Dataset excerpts
▬▬▬▬▬▬
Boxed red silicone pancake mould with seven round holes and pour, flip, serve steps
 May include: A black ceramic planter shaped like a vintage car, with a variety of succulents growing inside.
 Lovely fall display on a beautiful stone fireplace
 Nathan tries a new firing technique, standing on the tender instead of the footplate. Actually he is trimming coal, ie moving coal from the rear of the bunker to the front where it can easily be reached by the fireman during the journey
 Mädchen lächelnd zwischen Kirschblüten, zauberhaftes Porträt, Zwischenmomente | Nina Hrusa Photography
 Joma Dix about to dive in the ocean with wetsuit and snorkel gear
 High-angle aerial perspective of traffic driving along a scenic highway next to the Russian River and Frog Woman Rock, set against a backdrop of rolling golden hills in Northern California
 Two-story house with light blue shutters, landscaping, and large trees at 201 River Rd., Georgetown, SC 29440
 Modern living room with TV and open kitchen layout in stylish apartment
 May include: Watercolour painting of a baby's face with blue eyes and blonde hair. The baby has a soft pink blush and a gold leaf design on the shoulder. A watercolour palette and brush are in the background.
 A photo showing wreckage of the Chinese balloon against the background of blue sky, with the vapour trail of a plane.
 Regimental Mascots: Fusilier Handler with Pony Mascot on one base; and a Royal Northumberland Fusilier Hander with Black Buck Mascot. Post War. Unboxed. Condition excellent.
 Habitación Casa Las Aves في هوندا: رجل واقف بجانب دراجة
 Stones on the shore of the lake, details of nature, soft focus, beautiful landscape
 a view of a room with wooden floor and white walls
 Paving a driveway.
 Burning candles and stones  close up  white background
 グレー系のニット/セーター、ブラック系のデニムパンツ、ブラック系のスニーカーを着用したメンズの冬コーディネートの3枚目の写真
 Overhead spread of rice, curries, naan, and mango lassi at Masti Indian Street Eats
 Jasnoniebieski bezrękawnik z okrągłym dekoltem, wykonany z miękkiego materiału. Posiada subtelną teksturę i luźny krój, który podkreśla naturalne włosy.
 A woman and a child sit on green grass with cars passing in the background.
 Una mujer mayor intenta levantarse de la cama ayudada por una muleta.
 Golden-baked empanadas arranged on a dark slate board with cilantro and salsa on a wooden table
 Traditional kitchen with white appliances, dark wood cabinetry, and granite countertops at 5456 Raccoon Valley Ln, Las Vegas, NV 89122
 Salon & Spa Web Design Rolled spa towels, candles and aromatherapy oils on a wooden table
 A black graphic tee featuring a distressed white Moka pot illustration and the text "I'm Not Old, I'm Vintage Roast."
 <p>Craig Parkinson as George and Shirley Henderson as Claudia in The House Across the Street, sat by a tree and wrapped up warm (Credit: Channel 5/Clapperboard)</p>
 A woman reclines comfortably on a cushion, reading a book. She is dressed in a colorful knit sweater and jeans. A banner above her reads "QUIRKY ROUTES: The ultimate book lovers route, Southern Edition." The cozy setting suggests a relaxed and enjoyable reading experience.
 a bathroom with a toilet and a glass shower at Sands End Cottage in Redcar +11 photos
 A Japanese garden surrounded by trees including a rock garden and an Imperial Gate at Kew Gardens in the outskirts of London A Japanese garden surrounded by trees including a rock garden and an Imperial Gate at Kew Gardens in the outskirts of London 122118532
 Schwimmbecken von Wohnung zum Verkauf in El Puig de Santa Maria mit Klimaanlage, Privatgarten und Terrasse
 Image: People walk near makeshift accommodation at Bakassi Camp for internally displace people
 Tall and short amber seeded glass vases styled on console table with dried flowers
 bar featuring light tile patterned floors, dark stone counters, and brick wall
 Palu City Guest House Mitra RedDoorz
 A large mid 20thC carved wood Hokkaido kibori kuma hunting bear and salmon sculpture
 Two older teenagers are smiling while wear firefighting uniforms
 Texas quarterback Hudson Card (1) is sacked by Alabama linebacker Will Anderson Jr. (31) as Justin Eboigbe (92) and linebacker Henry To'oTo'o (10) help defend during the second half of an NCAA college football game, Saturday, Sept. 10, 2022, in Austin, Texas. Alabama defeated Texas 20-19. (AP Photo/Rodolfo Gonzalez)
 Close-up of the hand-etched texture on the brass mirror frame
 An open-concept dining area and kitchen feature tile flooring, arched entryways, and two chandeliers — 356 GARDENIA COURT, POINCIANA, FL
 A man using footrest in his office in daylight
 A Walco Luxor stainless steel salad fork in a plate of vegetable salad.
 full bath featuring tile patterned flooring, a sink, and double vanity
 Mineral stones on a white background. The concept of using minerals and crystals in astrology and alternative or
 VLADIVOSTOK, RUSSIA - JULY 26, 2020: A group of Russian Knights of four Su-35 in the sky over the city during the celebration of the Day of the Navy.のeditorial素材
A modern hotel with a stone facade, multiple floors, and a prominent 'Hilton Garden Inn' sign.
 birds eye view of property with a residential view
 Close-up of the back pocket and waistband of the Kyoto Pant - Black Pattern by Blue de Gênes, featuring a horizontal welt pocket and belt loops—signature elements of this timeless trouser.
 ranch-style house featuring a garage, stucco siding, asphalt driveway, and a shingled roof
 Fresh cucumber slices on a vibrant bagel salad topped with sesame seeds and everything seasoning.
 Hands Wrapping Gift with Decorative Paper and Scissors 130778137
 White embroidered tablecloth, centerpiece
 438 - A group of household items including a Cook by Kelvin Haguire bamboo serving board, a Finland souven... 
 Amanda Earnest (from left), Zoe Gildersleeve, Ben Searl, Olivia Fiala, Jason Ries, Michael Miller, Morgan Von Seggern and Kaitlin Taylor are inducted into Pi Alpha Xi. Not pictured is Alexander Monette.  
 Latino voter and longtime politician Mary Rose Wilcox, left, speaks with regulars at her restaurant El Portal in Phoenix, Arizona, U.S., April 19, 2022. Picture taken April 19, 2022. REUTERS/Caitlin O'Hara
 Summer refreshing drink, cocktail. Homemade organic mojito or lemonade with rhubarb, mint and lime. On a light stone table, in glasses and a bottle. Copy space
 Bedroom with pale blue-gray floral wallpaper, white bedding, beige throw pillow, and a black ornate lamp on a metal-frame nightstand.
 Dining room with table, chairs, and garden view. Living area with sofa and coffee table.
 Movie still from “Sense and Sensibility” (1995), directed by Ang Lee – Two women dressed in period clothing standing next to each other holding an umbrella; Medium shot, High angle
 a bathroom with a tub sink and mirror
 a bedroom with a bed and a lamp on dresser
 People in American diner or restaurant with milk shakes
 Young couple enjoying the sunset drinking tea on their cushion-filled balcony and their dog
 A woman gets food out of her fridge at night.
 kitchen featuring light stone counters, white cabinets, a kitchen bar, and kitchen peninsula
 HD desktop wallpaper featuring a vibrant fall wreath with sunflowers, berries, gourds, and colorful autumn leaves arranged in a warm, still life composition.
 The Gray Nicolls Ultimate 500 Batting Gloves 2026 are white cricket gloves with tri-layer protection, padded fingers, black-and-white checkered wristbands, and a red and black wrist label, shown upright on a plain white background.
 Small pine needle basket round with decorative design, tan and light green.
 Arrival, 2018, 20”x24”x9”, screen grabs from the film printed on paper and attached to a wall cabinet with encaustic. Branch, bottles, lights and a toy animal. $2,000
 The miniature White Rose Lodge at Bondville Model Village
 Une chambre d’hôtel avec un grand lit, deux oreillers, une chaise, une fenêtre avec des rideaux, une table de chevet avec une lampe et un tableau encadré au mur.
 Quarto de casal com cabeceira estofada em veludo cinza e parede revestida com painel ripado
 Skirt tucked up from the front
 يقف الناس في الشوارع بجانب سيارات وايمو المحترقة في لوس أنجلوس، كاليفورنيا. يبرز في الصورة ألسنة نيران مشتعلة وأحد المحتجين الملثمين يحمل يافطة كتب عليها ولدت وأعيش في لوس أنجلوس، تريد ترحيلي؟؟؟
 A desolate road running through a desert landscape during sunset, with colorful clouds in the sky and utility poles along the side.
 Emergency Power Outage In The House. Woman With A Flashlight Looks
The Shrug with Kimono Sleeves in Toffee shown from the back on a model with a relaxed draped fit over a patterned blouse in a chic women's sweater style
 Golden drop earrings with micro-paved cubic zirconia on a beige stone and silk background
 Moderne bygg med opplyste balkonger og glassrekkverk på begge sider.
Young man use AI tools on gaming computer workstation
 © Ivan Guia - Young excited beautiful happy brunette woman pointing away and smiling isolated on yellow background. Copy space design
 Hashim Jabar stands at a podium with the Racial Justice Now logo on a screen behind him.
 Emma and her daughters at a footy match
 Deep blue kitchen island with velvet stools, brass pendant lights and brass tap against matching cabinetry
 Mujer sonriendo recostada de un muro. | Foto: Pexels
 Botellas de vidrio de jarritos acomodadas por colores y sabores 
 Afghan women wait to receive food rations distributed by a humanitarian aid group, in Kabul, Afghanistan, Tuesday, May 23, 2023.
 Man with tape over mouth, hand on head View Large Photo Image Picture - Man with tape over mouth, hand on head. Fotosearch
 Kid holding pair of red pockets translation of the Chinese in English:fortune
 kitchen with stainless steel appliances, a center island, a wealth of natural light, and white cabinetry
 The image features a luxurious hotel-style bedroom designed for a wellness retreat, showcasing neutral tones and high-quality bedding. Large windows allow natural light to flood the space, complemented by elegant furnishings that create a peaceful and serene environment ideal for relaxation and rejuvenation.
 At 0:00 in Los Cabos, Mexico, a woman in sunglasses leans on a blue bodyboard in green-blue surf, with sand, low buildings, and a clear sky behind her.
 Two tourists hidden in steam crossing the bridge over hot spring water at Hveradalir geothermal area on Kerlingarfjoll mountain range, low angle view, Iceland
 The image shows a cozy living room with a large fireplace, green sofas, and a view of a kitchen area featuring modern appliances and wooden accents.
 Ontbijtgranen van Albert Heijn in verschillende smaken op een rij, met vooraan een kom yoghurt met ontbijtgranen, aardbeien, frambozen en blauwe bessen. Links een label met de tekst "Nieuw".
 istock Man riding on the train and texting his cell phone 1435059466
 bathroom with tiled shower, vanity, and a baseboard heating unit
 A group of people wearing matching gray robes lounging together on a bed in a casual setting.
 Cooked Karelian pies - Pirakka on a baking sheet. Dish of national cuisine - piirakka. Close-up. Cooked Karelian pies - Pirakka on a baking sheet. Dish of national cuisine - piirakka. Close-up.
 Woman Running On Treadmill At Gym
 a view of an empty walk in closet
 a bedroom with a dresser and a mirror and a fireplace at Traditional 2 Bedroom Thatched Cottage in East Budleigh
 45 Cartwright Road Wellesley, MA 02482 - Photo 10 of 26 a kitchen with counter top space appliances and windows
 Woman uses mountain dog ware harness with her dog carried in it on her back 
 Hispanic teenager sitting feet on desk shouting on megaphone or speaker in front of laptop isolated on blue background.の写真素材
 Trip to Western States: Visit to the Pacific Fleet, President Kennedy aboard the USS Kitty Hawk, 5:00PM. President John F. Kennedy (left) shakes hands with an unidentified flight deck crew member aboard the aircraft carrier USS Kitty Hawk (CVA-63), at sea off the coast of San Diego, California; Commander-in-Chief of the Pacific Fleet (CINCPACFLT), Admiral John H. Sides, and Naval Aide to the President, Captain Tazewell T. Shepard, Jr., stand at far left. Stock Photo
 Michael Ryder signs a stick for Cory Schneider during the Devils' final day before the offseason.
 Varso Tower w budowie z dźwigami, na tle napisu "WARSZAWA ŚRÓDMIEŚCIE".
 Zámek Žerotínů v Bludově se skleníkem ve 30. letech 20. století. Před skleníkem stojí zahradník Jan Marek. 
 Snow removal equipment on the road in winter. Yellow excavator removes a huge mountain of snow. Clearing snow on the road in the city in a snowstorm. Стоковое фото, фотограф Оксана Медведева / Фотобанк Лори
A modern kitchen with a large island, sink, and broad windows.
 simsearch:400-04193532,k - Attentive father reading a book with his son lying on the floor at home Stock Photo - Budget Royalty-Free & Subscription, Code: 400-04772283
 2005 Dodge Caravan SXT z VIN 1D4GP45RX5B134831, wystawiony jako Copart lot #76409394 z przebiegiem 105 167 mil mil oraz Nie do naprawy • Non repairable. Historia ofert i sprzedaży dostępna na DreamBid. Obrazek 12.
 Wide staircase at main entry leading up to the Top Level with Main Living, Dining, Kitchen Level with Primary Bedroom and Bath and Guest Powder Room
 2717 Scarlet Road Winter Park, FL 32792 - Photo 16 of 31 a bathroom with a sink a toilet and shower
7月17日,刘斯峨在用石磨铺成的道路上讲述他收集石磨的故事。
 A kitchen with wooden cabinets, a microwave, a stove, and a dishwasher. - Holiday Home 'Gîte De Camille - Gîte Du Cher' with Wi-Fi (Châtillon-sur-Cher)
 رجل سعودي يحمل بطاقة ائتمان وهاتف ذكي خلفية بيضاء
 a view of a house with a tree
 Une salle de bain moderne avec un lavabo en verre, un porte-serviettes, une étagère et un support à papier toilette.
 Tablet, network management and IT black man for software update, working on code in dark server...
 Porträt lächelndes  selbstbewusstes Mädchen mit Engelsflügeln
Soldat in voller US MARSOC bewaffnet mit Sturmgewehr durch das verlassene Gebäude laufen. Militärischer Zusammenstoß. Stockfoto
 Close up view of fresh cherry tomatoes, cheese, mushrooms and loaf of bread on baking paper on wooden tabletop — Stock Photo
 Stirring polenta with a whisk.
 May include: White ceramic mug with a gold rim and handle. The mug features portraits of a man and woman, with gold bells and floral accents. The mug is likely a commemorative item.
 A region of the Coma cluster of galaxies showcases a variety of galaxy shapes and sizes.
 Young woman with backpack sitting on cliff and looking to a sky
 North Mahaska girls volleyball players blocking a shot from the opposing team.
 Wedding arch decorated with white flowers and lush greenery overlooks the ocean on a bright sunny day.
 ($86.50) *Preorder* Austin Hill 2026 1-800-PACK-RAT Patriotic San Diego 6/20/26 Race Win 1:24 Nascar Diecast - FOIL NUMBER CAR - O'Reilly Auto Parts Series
▬▬▬▬▬▬
Exercise:
All that is wanted is a faithful reproduction of the line above with "May include: A", the line with "Lovely fall display", and every line in between.

Response below:
 May include: A black ceramic planter shaped like a vintage car, with a variety of succulents growing inside.
 Lovely fall display on a beautiful stone fireplace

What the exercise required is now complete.